## [WHAT IS NEEDED]
From the first line to the last, restate the records word for word, skipping the pictures.
##### DATASET CONTENT
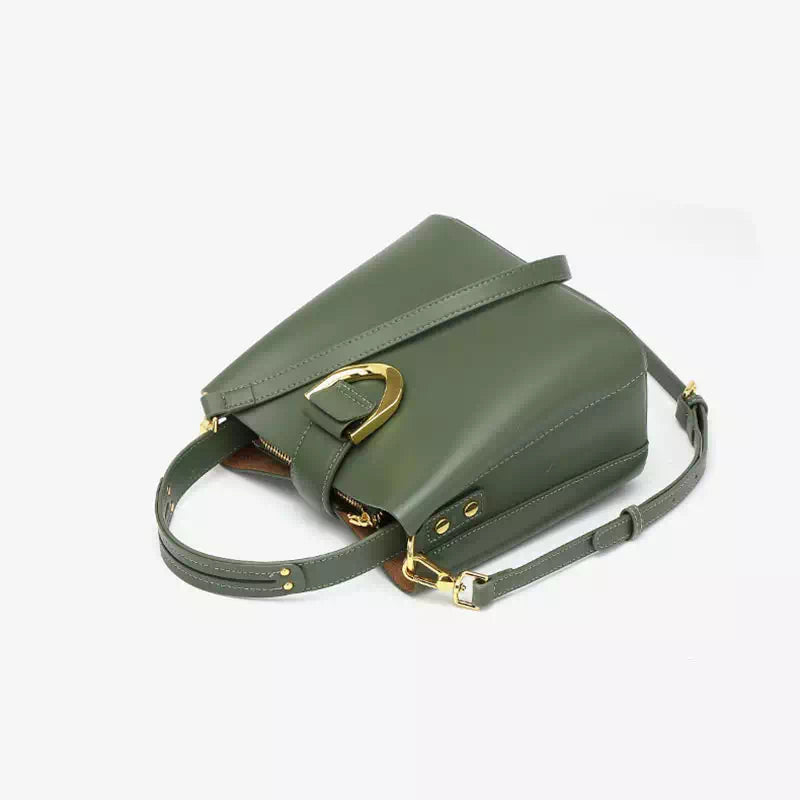 Borsa a tracolla verde oliva in pelle con fibbia dorata, design elegante e moderno, ideale per moda femminile e accessori di lusso.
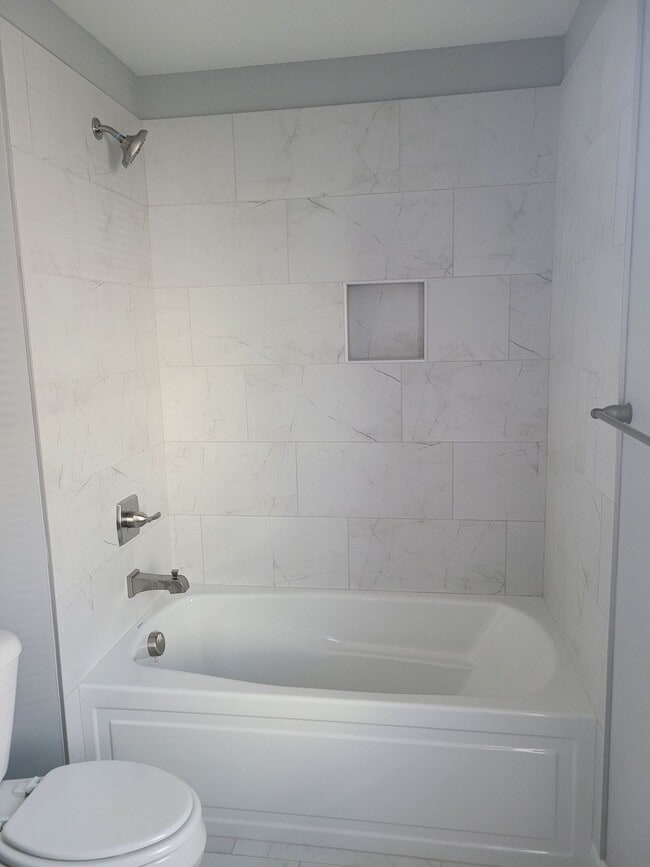 Building Photo - 2 Bedroom, 2.5 Bath Modern Duplex - Walkin...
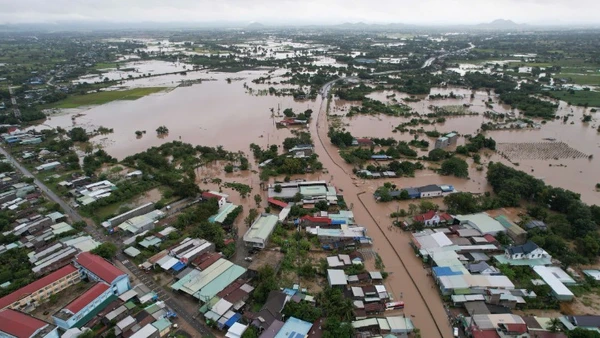 Xã Hồng Sơn có nhiều nhà bị ngập sâu.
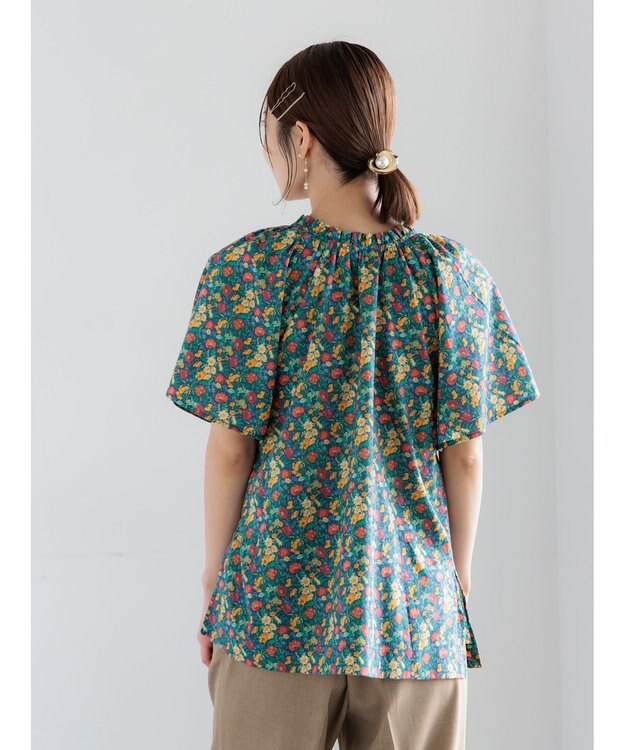 Te chichi 【LIBERTY FABRICS】フリルネックブラウス ネイビー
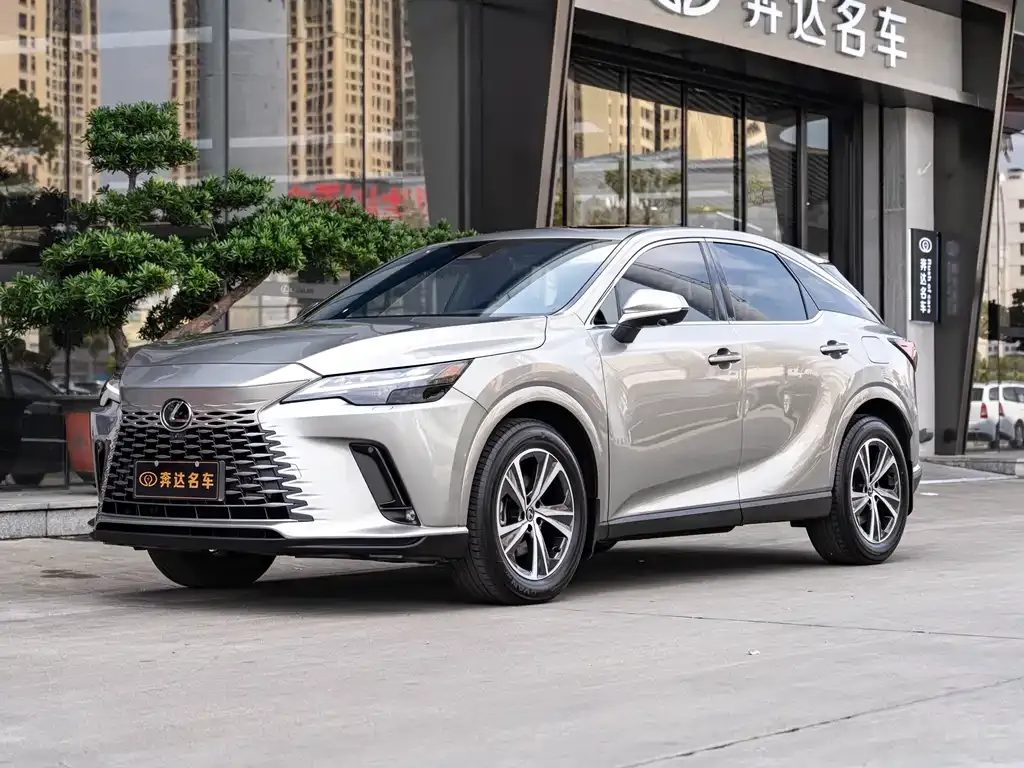 Lexus RX — фото 1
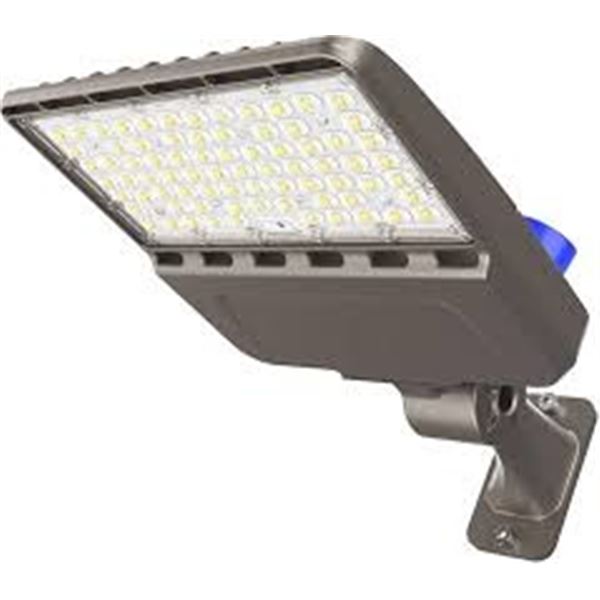 BRAND NEW JC-LGL PARKING LOT LIGHT 200W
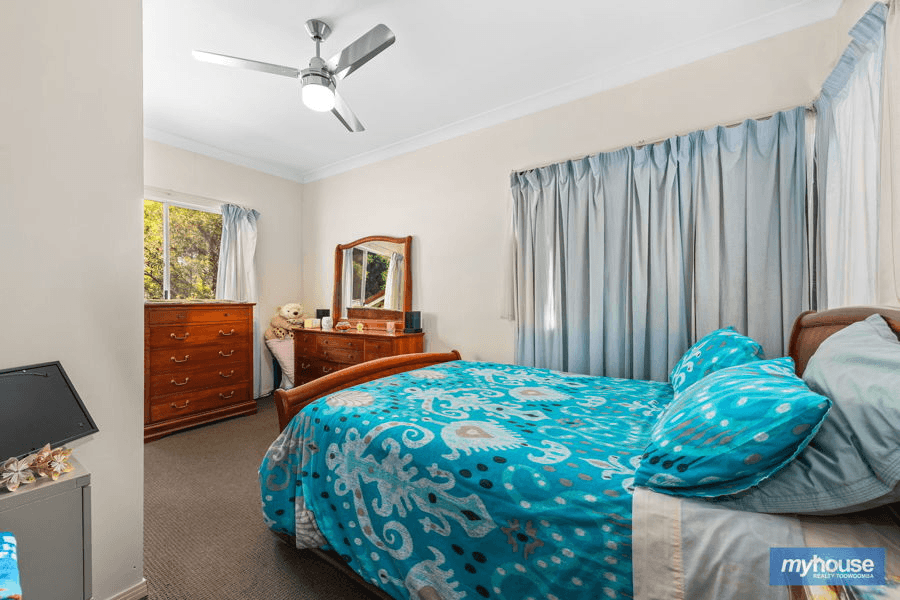 23 Elizabeth Street, SOUTH TOOWOOMBA, QLD 4350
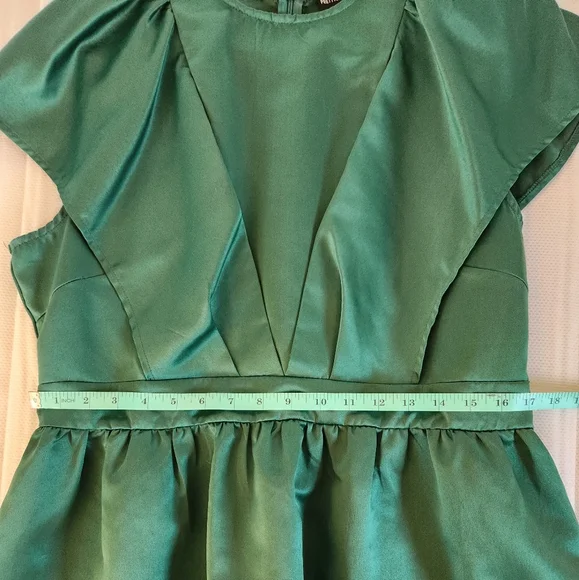 Emerald Green Sateen Dress - Picture 7 of 11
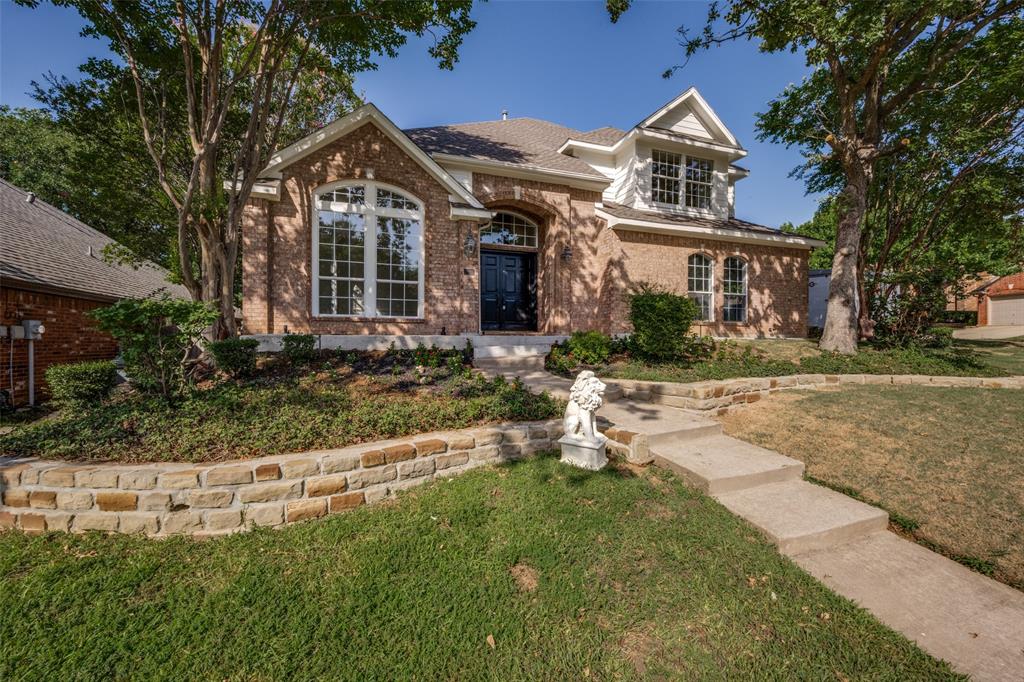 1501 Shadow Crest Drive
##########
## [RESULT]
 Borsa a tracolla verde oliva in pelle con fibbia dorata, design elegante e moderno, ideale per moda femminile e accessori di lusso.
 Building Photo - 2 Bedroom, 2.5 Bath Modern Duplex - Walkin...
 Xã Hồng Sơn có nhiều nhà bị ngập sâu.
 Te chichi 【LIBERTY FABRICS】フリルネックブラウス ネイビー
 Lexus RX — фото 1
 BRAND NEW JC-LGL PARKING LOT LIGHT 200W
 23 Elizabeth Street, SOUTH TOOWOOMBA, QLD 4350
 Emerald Green Sateen Dress - Picture 7 of 11
 1501 Shadow Crest Drive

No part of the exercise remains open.